→ Required work
An exact copy is needed of the lines in the entries below from the line with "Gouden vintage platte" up to and including the line with "2pcs Sterling Silver", and of nothing else. Leave the pictures out.

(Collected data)
----

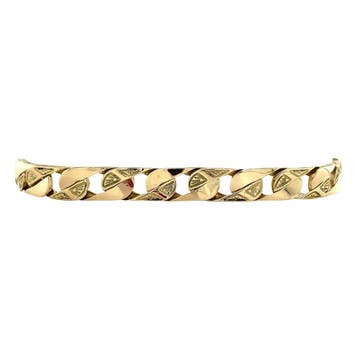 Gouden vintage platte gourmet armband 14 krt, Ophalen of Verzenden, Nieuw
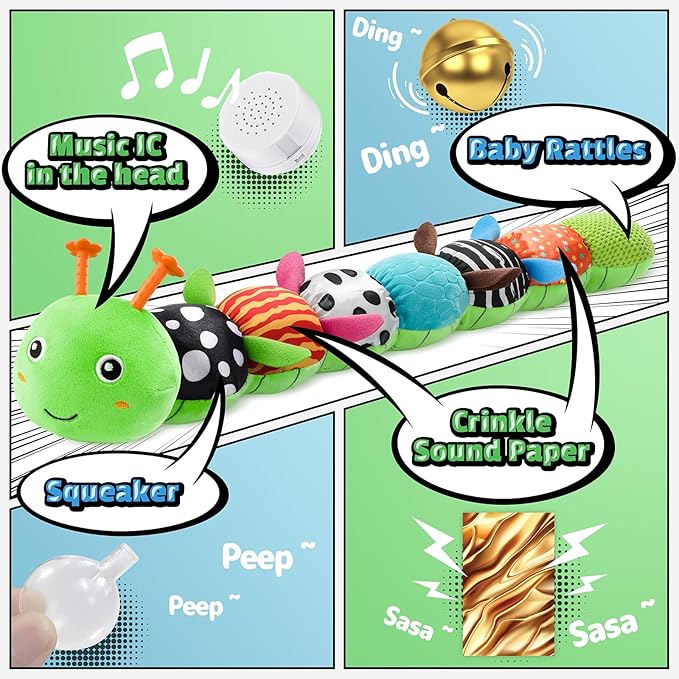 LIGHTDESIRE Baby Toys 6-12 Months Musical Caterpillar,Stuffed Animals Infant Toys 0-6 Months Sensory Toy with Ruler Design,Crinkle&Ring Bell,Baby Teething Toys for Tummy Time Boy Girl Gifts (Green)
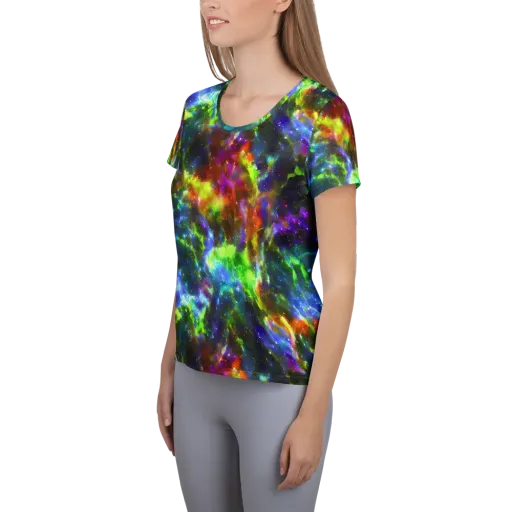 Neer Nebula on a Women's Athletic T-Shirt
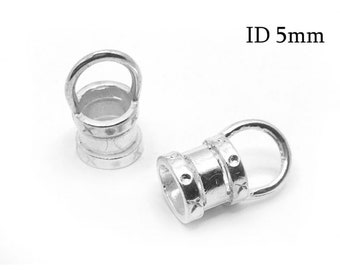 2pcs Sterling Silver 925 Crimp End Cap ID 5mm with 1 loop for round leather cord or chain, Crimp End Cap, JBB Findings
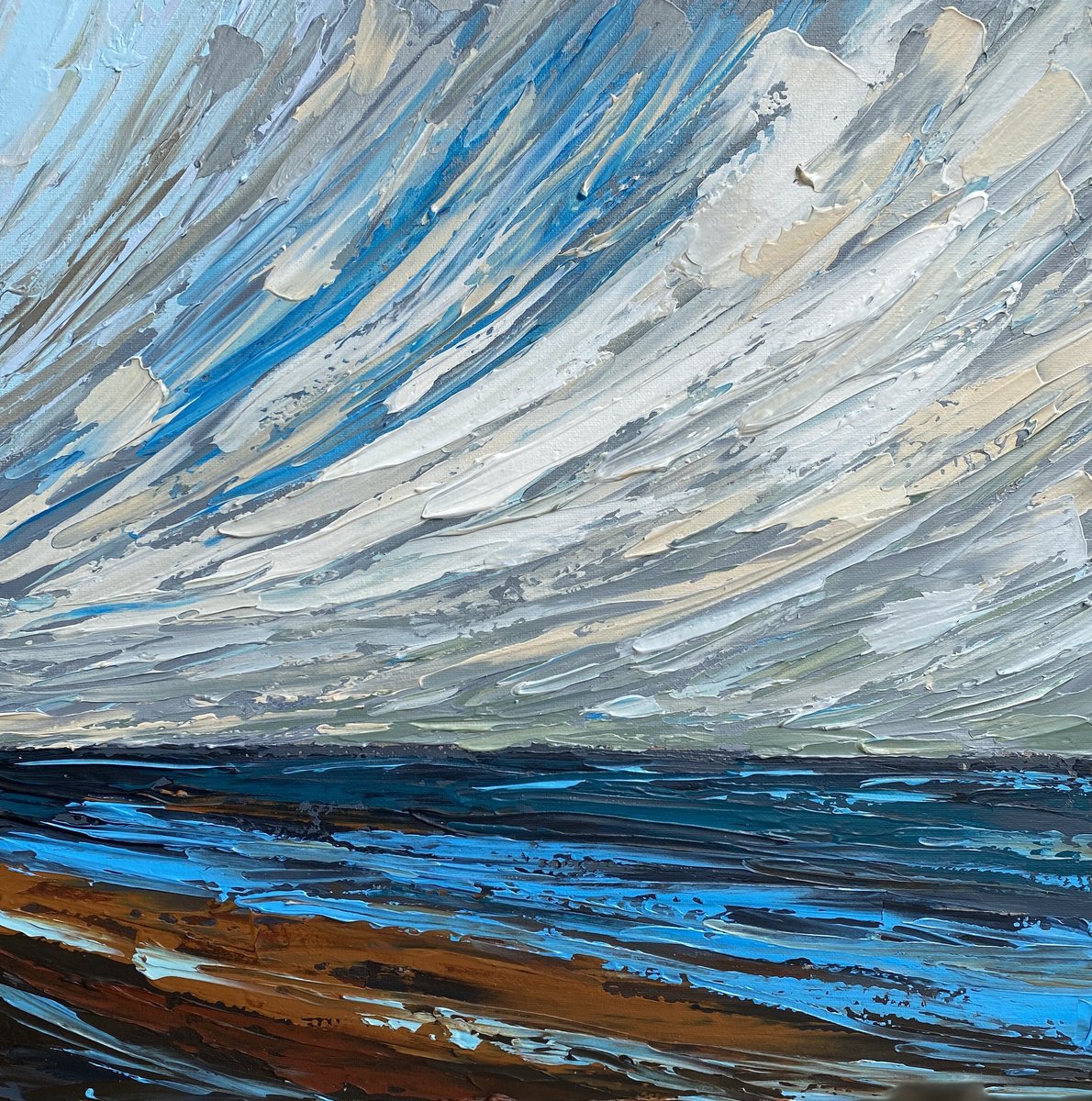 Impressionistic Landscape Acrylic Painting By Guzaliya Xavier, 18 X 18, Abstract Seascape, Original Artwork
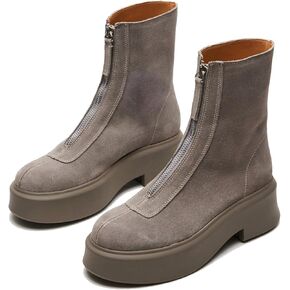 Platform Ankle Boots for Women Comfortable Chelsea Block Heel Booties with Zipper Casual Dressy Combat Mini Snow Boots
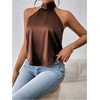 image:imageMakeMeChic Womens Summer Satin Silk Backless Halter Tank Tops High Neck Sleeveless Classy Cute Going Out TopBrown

----

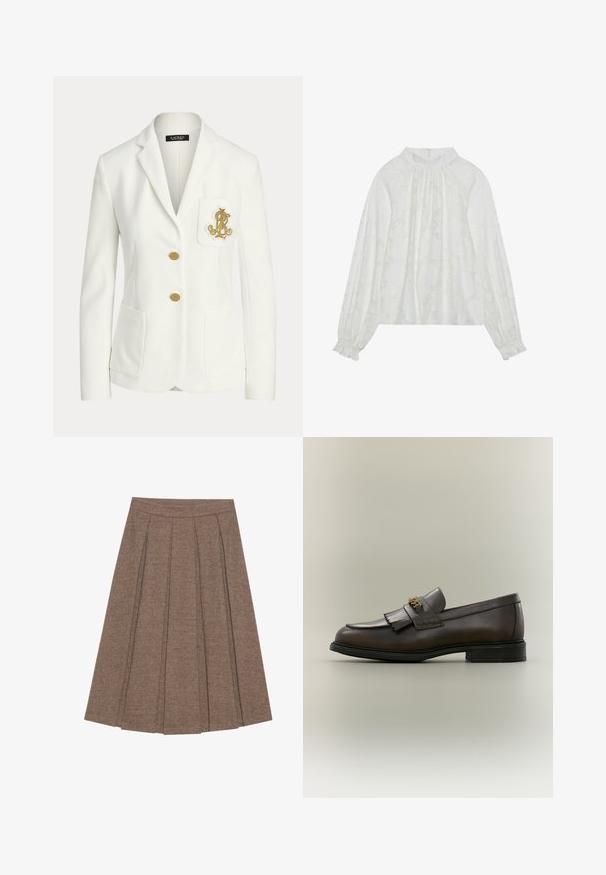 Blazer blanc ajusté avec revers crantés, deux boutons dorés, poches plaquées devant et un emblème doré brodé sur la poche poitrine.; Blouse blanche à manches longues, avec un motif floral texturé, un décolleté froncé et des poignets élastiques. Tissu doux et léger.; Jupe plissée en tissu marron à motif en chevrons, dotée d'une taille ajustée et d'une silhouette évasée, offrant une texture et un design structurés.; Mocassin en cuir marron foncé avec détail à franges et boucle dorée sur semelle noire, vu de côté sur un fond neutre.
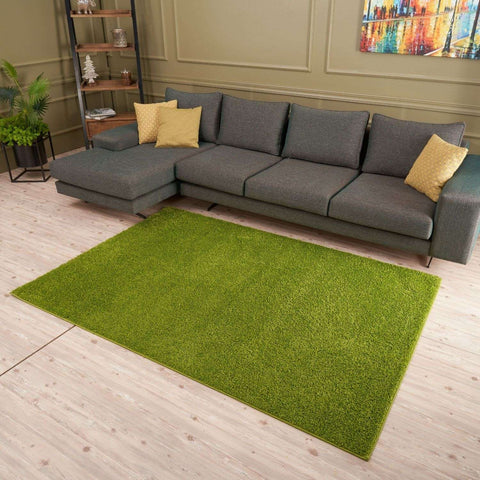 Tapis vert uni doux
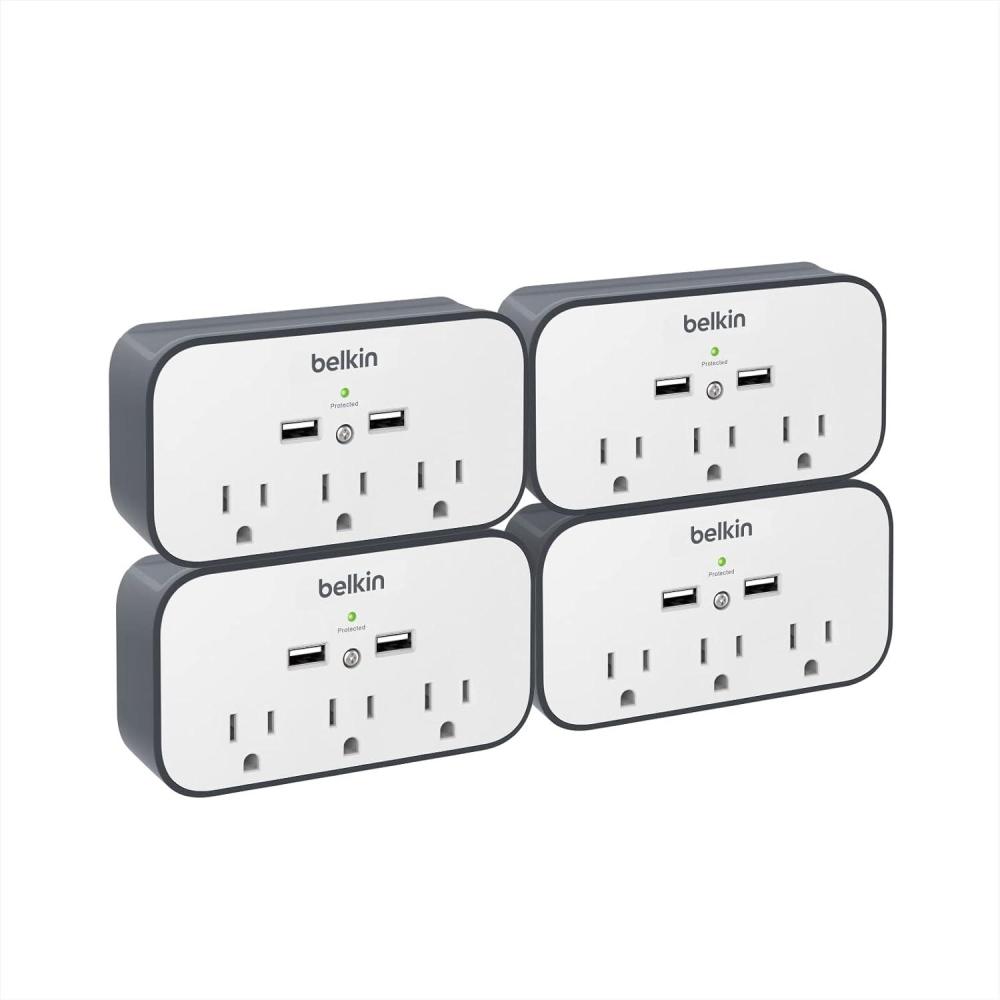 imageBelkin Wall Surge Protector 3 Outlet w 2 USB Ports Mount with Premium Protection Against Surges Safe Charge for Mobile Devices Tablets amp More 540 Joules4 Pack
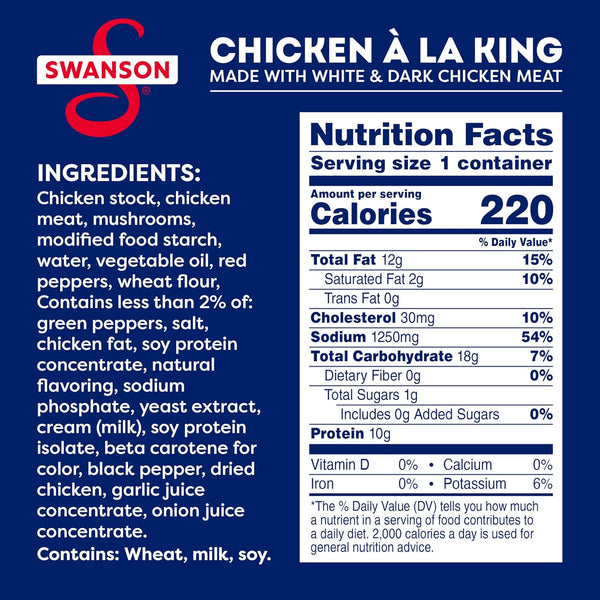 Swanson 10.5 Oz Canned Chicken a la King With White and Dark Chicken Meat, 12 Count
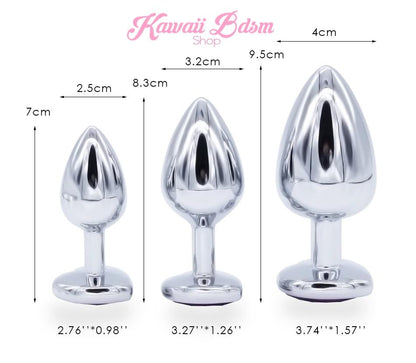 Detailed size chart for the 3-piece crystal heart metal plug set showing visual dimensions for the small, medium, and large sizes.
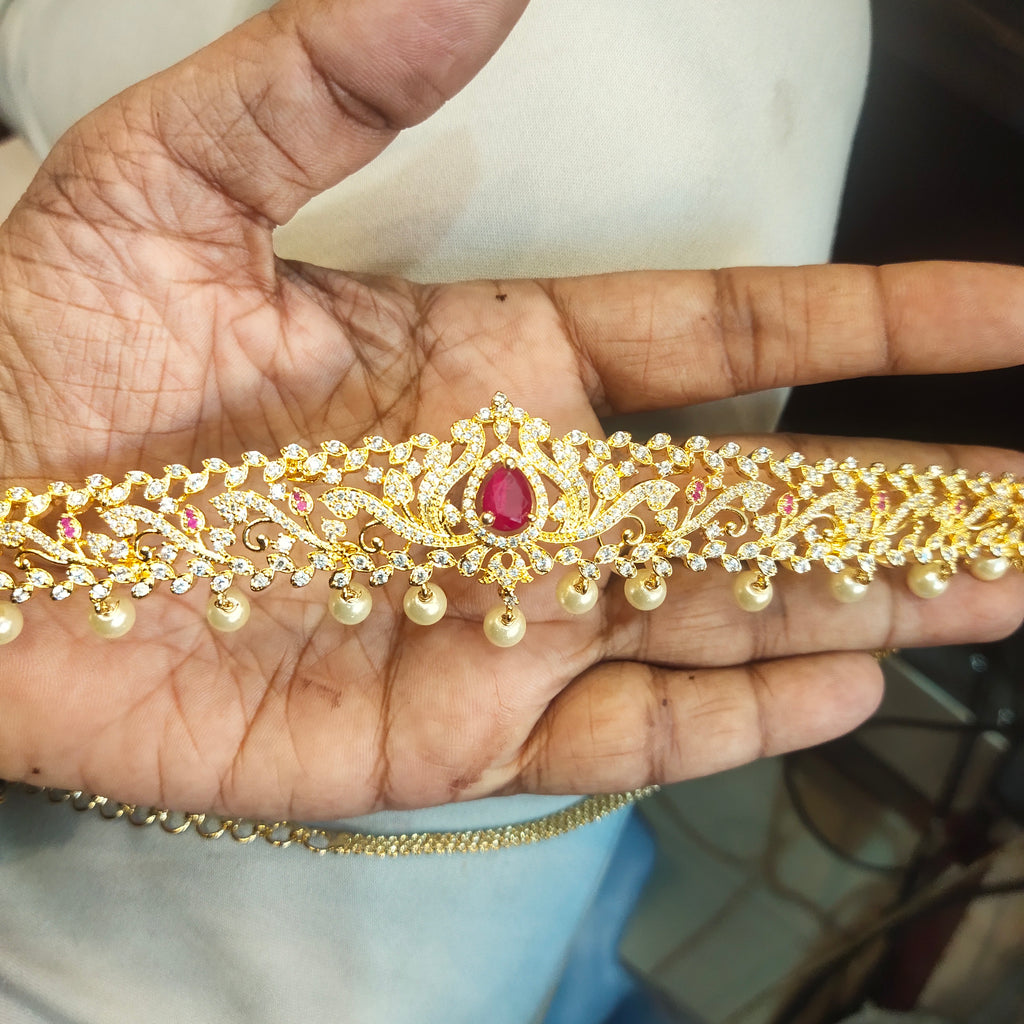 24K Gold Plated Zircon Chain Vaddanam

----

→ Final answer
 Gouden vintage platte gourmet armband 14 krt, Ophalen of Verzenden, Nieuw
 LIGHTDESIRE Baby Toys 6-12 Months Musical Caterpillar,Stuffed Animals Infant Toys 0-6 Months Sensory Toy with Ruler Design,Crinkle&Ring Bell,Baby Teething Toys for Tummy Time Boy Girl Gifts (Green)
 Neer Nebula on a Women's Athletic T-Shirt
 2pcs Sterling Silver 925 Crimp End Cap ID 5mm with 1 loop for round leather cord or chain, Crimp End Cap, JBB Findings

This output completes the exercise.